- What is Database Virtualization?
- Database Virtualization Challenges
- Database Virtualization Advantages
- Degrees of Database Virtualization
What is Database Virtualization?
Virtualization is a shift from managing dedicated physical servers, to managing a pool of logical compute resources. Virtualization sacrifices some degree of compute efficiency, in exchange for flexibility, mobility, manageability, scalability/elasticity and high-availability. Database virtualization means different things to different people; from simply running the database executable in a virtual machine, or using virtualized storage, to a fully virtualized elastic database cluster composed of modular compute and storage components that are assembled on the fly to accommodate your database needs. We will look at each type of virtualization and the benefits they provide. Virtualization is anathema to traditional OLTP databases. These databases tightly integrate the compute, caching and storage in order to: (a) optimize performance; (b) coordinate locking in order to ensure that the database remains consistent; (c) provide “copies” for fail-over or high-availability. Fully virtualizing an existing database management system (DBMS) is analogous to replacing the entire engine and drivetrain in a car, it involves replacing all the hard technology. This article looks at some of the challenges of virtualizing databases, the benefits of database virtualization and then looks at some of the approaches to database virtualization and the vendor solutions implementing those approaches.

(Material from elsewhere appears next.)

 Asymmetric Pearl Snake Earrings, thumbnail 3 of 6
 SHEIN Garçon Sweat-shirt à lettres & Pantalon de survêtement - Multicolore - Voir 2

Database Virtualization Challenges
Traditional databases operate on a single physical computer. They tightly integrate the compute, caching and storage functions, operating as a single unit on a single server. Because they are limited to a single dedicated server, traditional databases display certain constraints:
- Scaling: A database running on a single server is limited by the number of users, transactions, data files, etc. that it can handle. These are physical limitations imposed by the hardware that is running the database. Scaling up means moving your database to a more powerful machine. Scaling out means running your database across multiple machines. Elasticity is a much higher hurdle for databases. Elasticity means the ability to add and remove compute or storage capabilities on-the-fly, without downtime.
- Quality of Service: You can experience poor Quality of Service (QoS) as a result of heavy processing on a shared server—consuming CPU, cache, disk—or heavy network usage—on a shared network card or sharing the same switch. Because databases are tied to a physical server, and the application tier addresses that specific server, you are unable to easily move the database to other servers or other areas of the network to address QoS problems. Such a move requires shutting down the application and database, copying the files to another server and restarting both the application and the database.

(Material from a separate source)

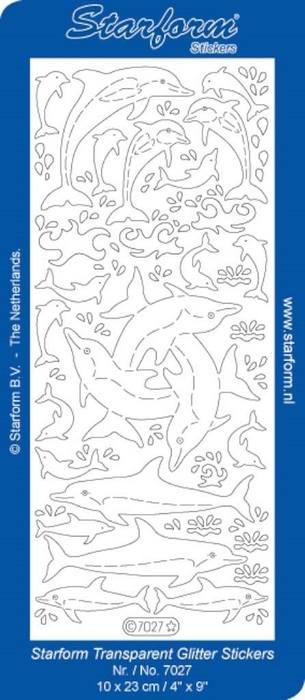 Stickers Maritime: Dolphins zilver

- High-Availability: Operating databases contain both data and “state”. State is the current collection of information stored in memory and processes—such as transactions—in process at the moment. Simply copying the data files to another server does not copy the state to the other server. To make matters worse, the state of a database is constantly changing. As a result, almost all databases require shutting down the database and application in order to move them to another server.Fail-over means that you can restart the database with little or no loss of data, but it does require shutting down the application. High-availability means that the database handles the failure of one or more servers without interrupting the database or application. High-availability is a high hurdle.At other layers of the software stack, virtualization provides inherent high-availability. However, because of the importance of state in maintaining a consistent database, high-availability must be addressed inside the DBMS itself.
- Pooling/Exploiting Unused Resources: Database servers are sized for peak load, plus growth, plus a buffer. This is done so that the database doesn’t run out of resources and fail. Because you must size your database for peak usage, it is not uncommon to have your database average about 10% of the server’s capacity. However, with a dedicated server, this capacity (compute and storage) go unused. Virtualization can pool and repurpose this unused capacity.

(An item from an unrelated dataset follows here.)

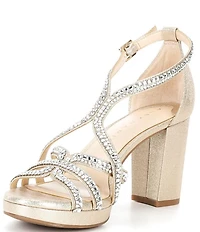 Alex Marie Libby Rhinestone Strappy Platform Dress Sandals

Database Virtualization Advantages
“Our focus has been that many databases are accessible and manageable as if they were a single database. Virtualization provides a common framework for better availability, scalability, manageability and security.”– Noel Yuhanna, Principal Analyst, Forrester Research
Server and storage virtualization are the critical technologies that enable cloud computing. Prior to the advent of virtualization, applications resided on a physical server. While average utilization might run only 10-20% of that physical server, it had to have sufficient excess capacity to handle usage spikes and future growth. In other words, most of the time you are paying for 80-90% more computing than you need. Virtualization enables those unused resources to be pooled and shared. This enables you to pay only for what you use, the 10-20% utilization, and then usage spikes are spread across the unused or excess compute power on the cloud. From the perspective of the public cloud, this is the equivalent of renting 3-times more servers than you physically have, due to efficient pooling and sharing of resources. This ability to rent more servers than you own is what drives the economics of cloud computing. Unfortunately, this model of virtualization simply doesn’t work with SQL databases. The database tightly integrates data and compute, so sharing the peak load across additional machines simply doesn’t work. In order to support load sharing across additional servers or instances, the database would need to add distributed locking and queuing, distributed cache coherency, distributed indexing and failure recovery capabilities. There are workarounds that provide some of the advantages of database virtualization, but to enjoy all of the advantages of database virtualization, the database must provide these capabilities. There are 10 core advantages to database virtualization. We use the following 10 icons to represent each advantage. These icons provide a quick visual representation of the advantages delivered by each approach and the associated products.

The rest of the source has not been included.